More importantly, hospitals around the country are finding what it takes to help their own patients.

“The question isn’t, ‘Is our number better than St. Elsewhere’s down the street?’ ” Dr. Jencks concludes. “The real question is, ‘Are there things we could reasonably have done for this patient and could do for the next patient that will keep this from happening to them?’ ” TH

Bryn Nelson is a freelance medical writer based in Seattle.

Reference

  1. Jencks SJ, Williams MV, Coleman EA. Rehospitalizations among patients in the Medicare fee-for-service program. N Engl J Med. 2009;360(14):1418-1428.

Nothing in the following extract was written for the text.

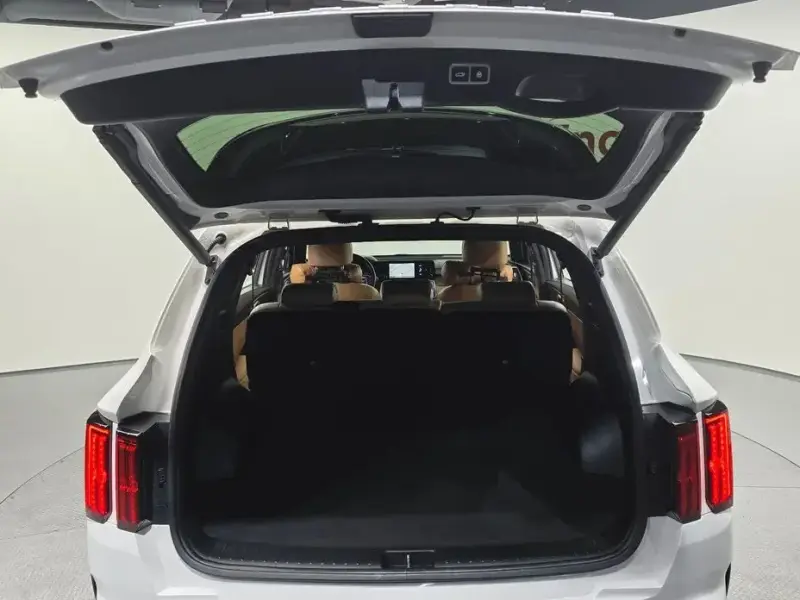 2022 Kia Sorento с пробегом 122 127 км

What To Do, and When To Do It

Today

  • Understand your current performance. One tool is Medicare’s Hospital Compare website (www.hospitalcompare.hhs.gov), which lists readmission rates for heart attack, heart failure and pneumonia patients. “If you don’t know how you’re doing, there’s no way to improve it,” Dr. Halasyamani says.
  • Consider which patient populations are getting readmitted and the factors that might be involved, such as medications, follow-up, or lack of understanding. Ask whether you’re really doing what you think you’re doing for patients during the discharge process.
  • Approach your effort as a learning opportunity rather than a guilt trip or an attempt to assign responsibility. That way, you, your colleagues, and readmitted patients all will be less defensive and more inclined to help each other improve the process.

This Week

  • Talk to a readmitted patient about what went well and what didn’t work. Also try it for a patient who had a good handoff. Pay special attention to whether they felt actively engaged in the process.
  • Find partners on your healthcare team, and ask them about discharge challenges from their perspective.
  • Strengthen your ties and communication channels to other community care providers. Sometimes, a simple phone call can do wonders to prevent an avoidable lapse in patient care.
  • Use the teach-back method to ensure patients are clear on their discharge instructions. SHM’s new teach-back curriculum is available at www.hospitalmedicine.org/boost.

This Month

  • Work with your hospital to ensure that you or another colleague can assume the responsibility of medication reconciliation and simplification. “I would put that at the top of the list. Medications just cause so much damage to 85- and 90-year-old people. I think we need to be constantly aware of that,” says Dr. McGann.
  • Use feedback from patients and colleagues and online resources to begin formulating a team approach to patient care, including both inpatient and outpatient settings.
  • Get funding. Consider applying for a grant or fellowship to help your institution implement its plan. One available source is the Community-Based Care Transitions Program, administered by CMS, and scheduled to be available in early 2011.

This Year

  • Start small. Aim your initial interventions at a specific unit or patient population so you can learn from that experience before expanding your reach. “You don’t need to try to get the whole elephant,” the NTOCC’s White says.
  • Look for more opportunities to learn. Project BOOST (www.hospitalmedicine.org/B­OOST) offers its own online toolkit, and is hosting a free informational webinar Feb. 8 (it’s also available on-demand). Case studies and toolkits are available through NTOCC (www.ntocc.org).
  • Help your medical institution develop a more patient-centric approach to care so that records travel with the patient from setting to setting and ease their transitions of care. “Hospitalists can have a very important role in this,” Dr. Sherman says.